Resistance to gentamicin, chloramphenicol, tetracycline, and ampicillin in broiler Salmonella isolates from select European Union countries, Iceland, and the United States. Breakpoints used for interpreting MICs were derived from the EUCAST.

Other general features of resistance in both the European Union and the United States are evident. With some exceptions, Salmonella recovered from poultry meats is generally more resistant than isolates from human infections in both regions (26, 31). Among poultry isolates, resistance levels in the European Union were generally higher in turkeys than chickens. This is comparable to what was observed in the United States, where turkey isolates tended to be the most resistant, followed by those from chicken, swine, and cattle (27). One might presume that this pattern is the result of higher antimicrobial use in turkeys than in broilers, but there have been no on-farm studies that confirm a causal relationship (52). In general, fluoroquinolone resistance is higher in the European Union, and third-generation cephalosporin resistance is higher in the United States. Other resistance patterns are compared below.

Multidrug Resistance

In 2014, 10 member states tested Salmonella against 9 classes of antimicrobials (26). Overall, only 54.8% of human isolates were susceptible to all agents tested. MDR was high overall (26.0%) in human isolates from the European Union, with very high prevalence in some countries. Among poultry sources, MDR was low in laying hens; high in broiler meat, turkey meat, and broilers; and very high in turkeys. As with other types of resistance, MDR tends to be associated with certain serovars, generally being rare in S. Enteritidis. In Europe, MDR variants of S. Kentucky (74.6%), along with monophasic S. Typhimurium I 4,[5],12:i:– (69.4%) and S. Infantis (61.9%), are especially problematic in humans. As noted above, the United States also is witnessing a rise in MDR S. Typhimurium I 4,[5],12:i:–. While S. Kentucky rarely causes human disease in the United States, it commonly exhibits MDR.

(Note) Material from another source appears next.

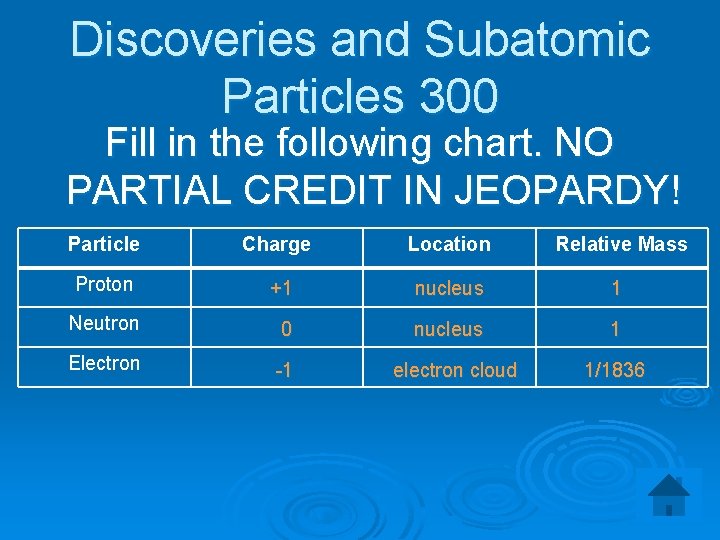 Discoveries and Subatomic Particles 300 Fill in the following chart. NO PARTIAL CREDIT IN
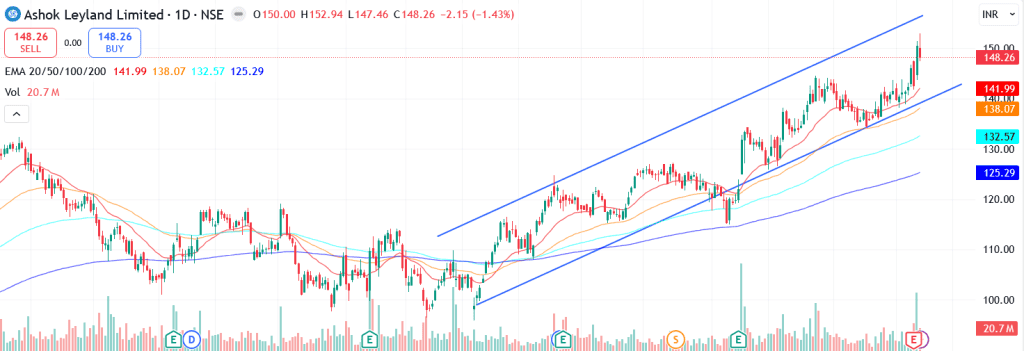Technical analysis of Ashok Leyland Ltd. share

Extended-spectrum cephalosporin-resistant S. Infantis (carrying the bla_CTX-M65 gene) has emerged in the United States as a public health concern. The circulating clone is similar to an Italian strain of S. Infantis carrying the bla_CTX-M65 gene (53). While MDR S. Infantis has not increased in poultry isolates collected for NARMS surveillance, EFSA reports that S. Infantis isolates from European Union broiler meat express very high levels of MDR (>70.0%). Isolates from Italian broilers exhibit exceptionally high levels of resistance to third-generation cephalosporins, which may be characteristic of the CTX-M clone. Particularly concerning was the detection of high-level resistance to ciprofloxacin in these isolates. The clone may be limited to chickens, because no resistance to third-generation cephalosporin was detected in fattening turkeys (26).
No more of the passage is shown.